Akhil Chaturvedi: So, on our part, I can tell you that we work very hard to create differentiation in our clients’ portfolios and we keep tracking our portfolios, overlapping them with some of other friends’ portfolios and the overlaps are quite comfortable, between 5% and 15%.

So how do we achieve differentiation? How do we get new ideas from the start? Basically, it’s about getting together and evaluating, identifying new opportunities, new topics. For example, at this stage, we are very optimistic about seven or eight topics.

We were the first to identify the telecom sector. We got into it and did well. On the consumer side, we are very bullish on high-end luxury consumption, which has been positive for us. The manufacturing sector itself seems to be on the up. Of course, in the manufacturing sector there are some sectors that look good from a value perspective and others that look a bit expensive.

So, we need to be a little bit more specific on the stock side.
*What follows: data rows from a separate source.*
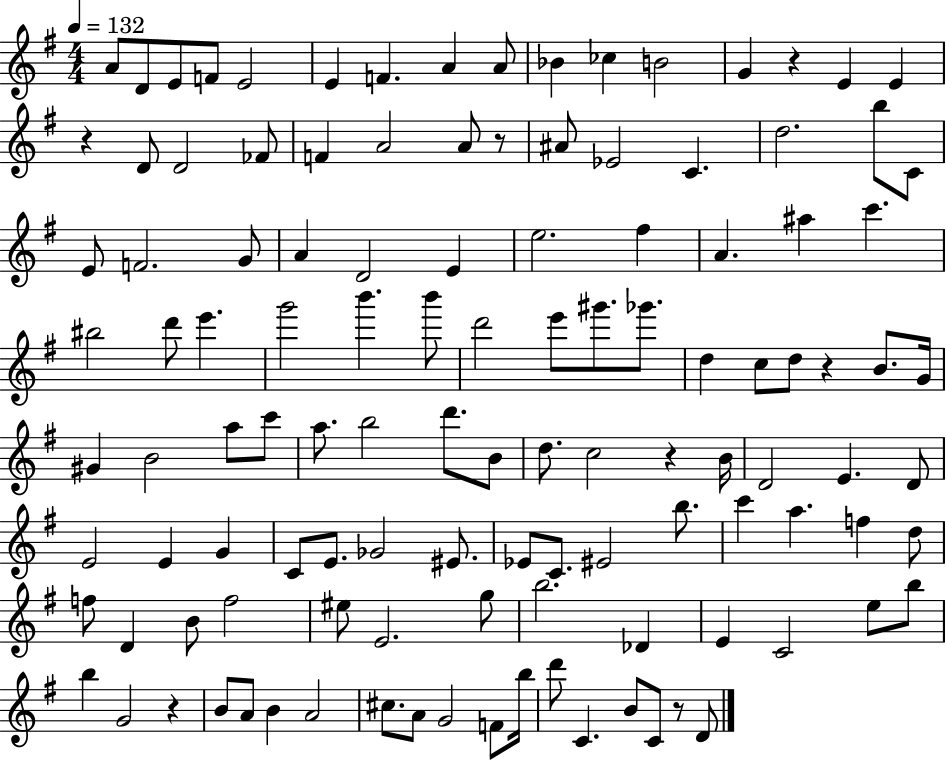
A4/e D4/e E4/e F4/e E4/h E4/q F4/q. A4/q A4/e Bb4/q CES5/q B4/h G4/q R/q E4/q E4/q R/q D4/e D4/h FES4/e F4/q A4/h A4/e R/e A#4/e Eb4/h C4/q. D5/h. B5/e C4/e E4/e F4/h. G4/e A4/q D4/h E4/q E5/h. F#5/q A4/q. A#5/q C6/q. BIS5/h D6/e E6/q. G6/h B6/q. B6/e D6/h E6/e G#6/e. Gb6/e. D5/q C5/e D5/e R/q B4/e. G4/s G#4/q B4/h A5/e C6/e A5/e. B5/h D6/e. B4/e D5/e. C5/h R/q B4/s D4/h E4/q. D4/e E4/h E4/q G4/q C4/e E4/e. Gb4/h EIS4/e. Eb4/e C4/e. EIS4/h B5/e. C6/q A5/q. F5/q D5/e F5/e D4/q B4/e F5/h EIS5/e E4/h. G5/e B5/h. Db4/q E4/q C4/h E5/e B5/e B5/q G4/h R/q B4/e A4/e B4/q A4/h C#5/e. A4/e G4/h F4/e B5/s D6/e C4/q. B4/e C4/e R/e D4/e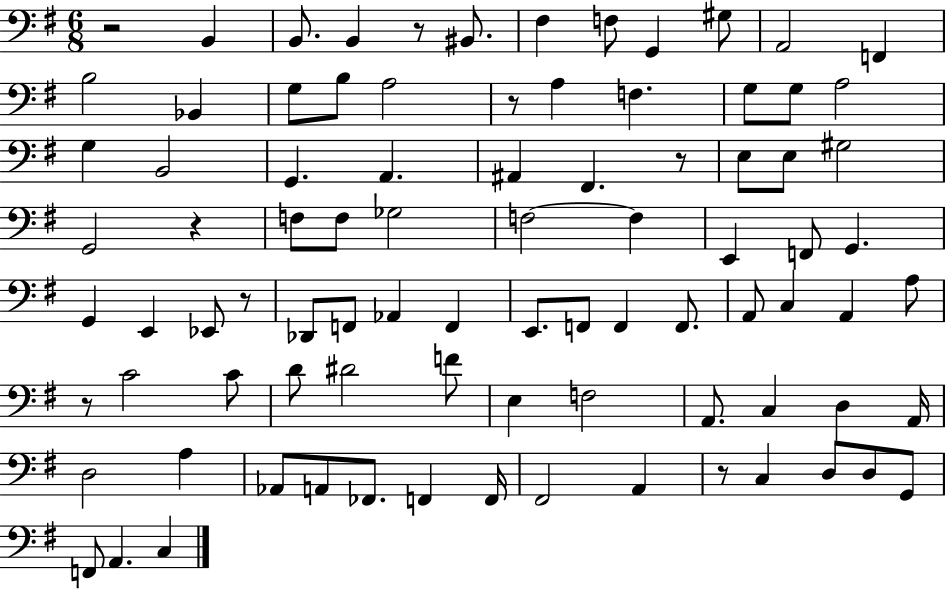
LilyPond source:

{
  \clef bass
  \numericTimeSignature
  \time 6/8
  \key g \major
  r2 b,4 | b,8. b,4 r8 bis,8. | fis4 f8 g,4 gis8 | a,2 f,4 | \break b2 bes,4 | g8 b8 a2 | r8 a4 f4. | g8 g8 a2 | \break g4 b,2 | g,4. a,4. | ais,4 fis,4. r8 | e8 e8 gis2 | \break g,2 r4 | f8 f8 ges2 | f2~~ f4 | e,4 f,8 g,4. | \break g,4 e,4 ees,8 r8 | des,8 f,8 aes,4 f,4 | e,8. f,8 f,4 f,8. | a,8 c4 a,4 a8 | \break r8 c'2 c'8 | d'8 dis'2 f'8 | e4 f2 | a,8. c4 d4 a,16 | \break d2 a4 | aes,8 a,8 fes,8. f,4 f,16 | fis,2 a,4 | r8 c4 d8 d8 g,8 | \break f,8 a,4. c4 | \bar "|."
}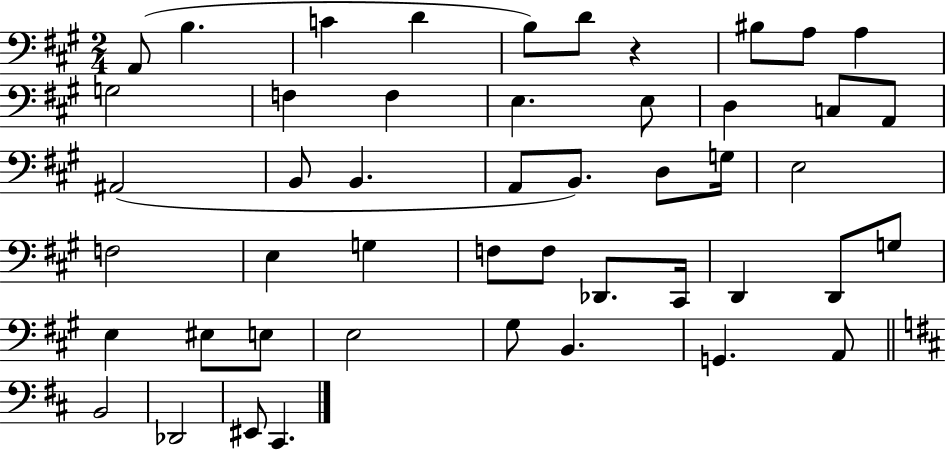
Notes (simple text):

A2/e B3/q. C4/q D4/q B3/e D4/e R/q BIS3/e A3/e A3/q G3/h F3/q F3/q E3/q. E3/e D3/q C3/e A2/e A#2/h B2/e B2/q. A2/e B2/e. D3/e G3/s E3/h F3/h E3/q G3/q F3/e F3/e Db2/e. C#2/s D2/q D2/e G3/e E3/q EIS3/e E3/e E3/h G#3/e B2/q. G2/q. A2/e B2/h Db2/h EIS2/e C#2/q.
I think there are enough and more opportunities where earnings growth could be sustained or probably improved in the capital market businesses, and that is where the skill of fund managers is to identify these themes, sectors and sub-sectors, and then identify new ideas and try to be different compared to some of the other products, which is our goal.

How does this whole global ETF pattern fit into a market like India? Historically, we have seen it in mature markets, which is where we are heading, because we are the third-largest market in terms of market capitalisation, so we are not a nascent market, meaning a very large market now in terms of market capitalisation. In mature markets, ETFs are outperforming their benchmarks and mutual funds are struggling to outperform their benchmarks. How far are we from that phase of the market?
Akhil Chaturvedi: I think there is still time for the ETF business to mature in India. The biggest challenge we have in the ETF space is liquidity and volumes.

There are no market makers for ETF products. We are working on the ETF side. We have several products that are in ETFs and several products for which we have created both the covers on the index or index mutual fund side, and on the ETF side.

What we see is that the appetite for investing in index-based mutual funds is much greater than for ETFs today. But I think as markets evolve, there will be interest, there will be more market making and more liquidity in ETFs and I think over time this will eventually evolve.

We have seen that over the last 10 years. We launched our Nasdaq ETF in 2010. For the first 10 years, we literally had no volumes, no business. The corpus used to be around Rs 75-80 crore. But in the last four years, we have seen that both sides, the Nasdaq ETF as well as the Nasdaq fund of funds, have grown phenomenally.

But, having had the first-hand experience of managing ETFs, I believe that if we leave aside the Nifty 50 basket, the other baskets still face the challenge of liquidity and market making, which is something we still have to deal with.